For this exercise, retype the lines from the one that holds "2015 Lexus RX" through the one that holds "Gerhard Kobler Historisches" in the records below, both included, exactly and without pictures.

● **Record excerpts**
================

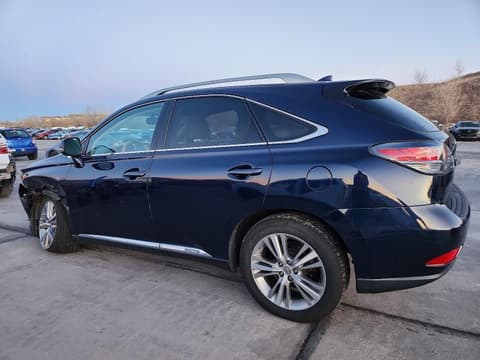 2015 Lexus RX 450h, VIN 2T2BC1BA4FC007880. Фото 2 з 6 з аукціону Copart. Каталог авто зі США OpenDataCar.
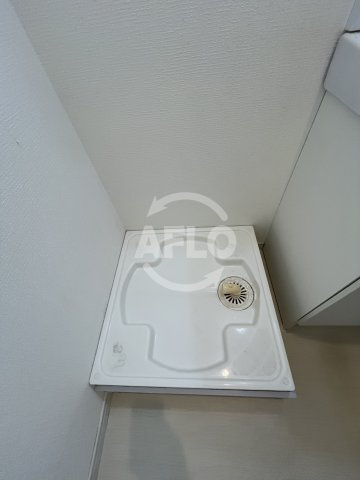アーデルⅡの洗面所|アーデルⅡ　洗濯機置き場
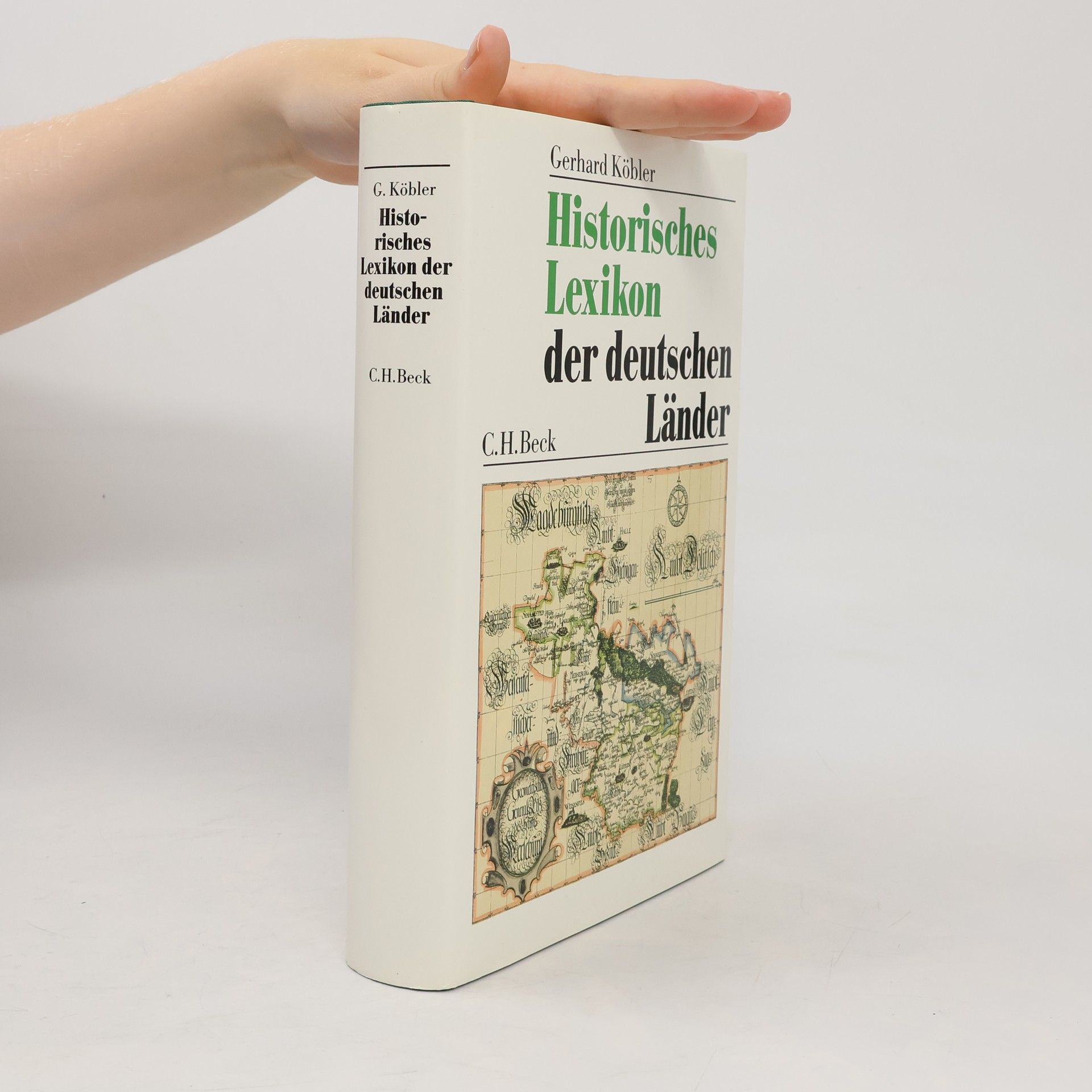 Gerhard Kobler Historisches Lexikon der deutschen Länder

================

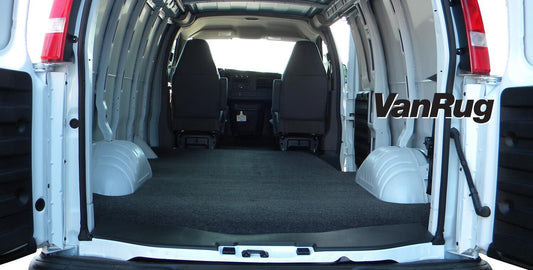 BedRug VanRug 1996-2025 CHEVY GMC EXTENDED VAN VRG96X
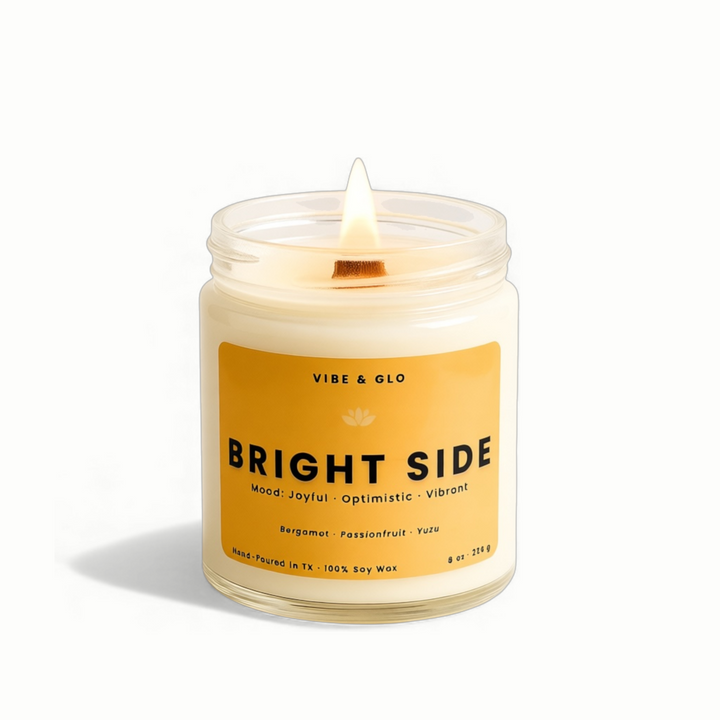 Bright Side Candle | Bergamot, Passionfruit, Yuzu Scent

================

● **Solution to the exercise**
 2015 Lexus RX 450h, VIN 2T2BC1BA4FC007880. Фото 2 з 6 з аукціону Copart. Каталог авто зі США OpenDataCar.
アーデルⅡの洗面所|アーデルⅡ　洗濯機置き場
 Gerhard Kobler Historisches Lexikon der deutschen Länder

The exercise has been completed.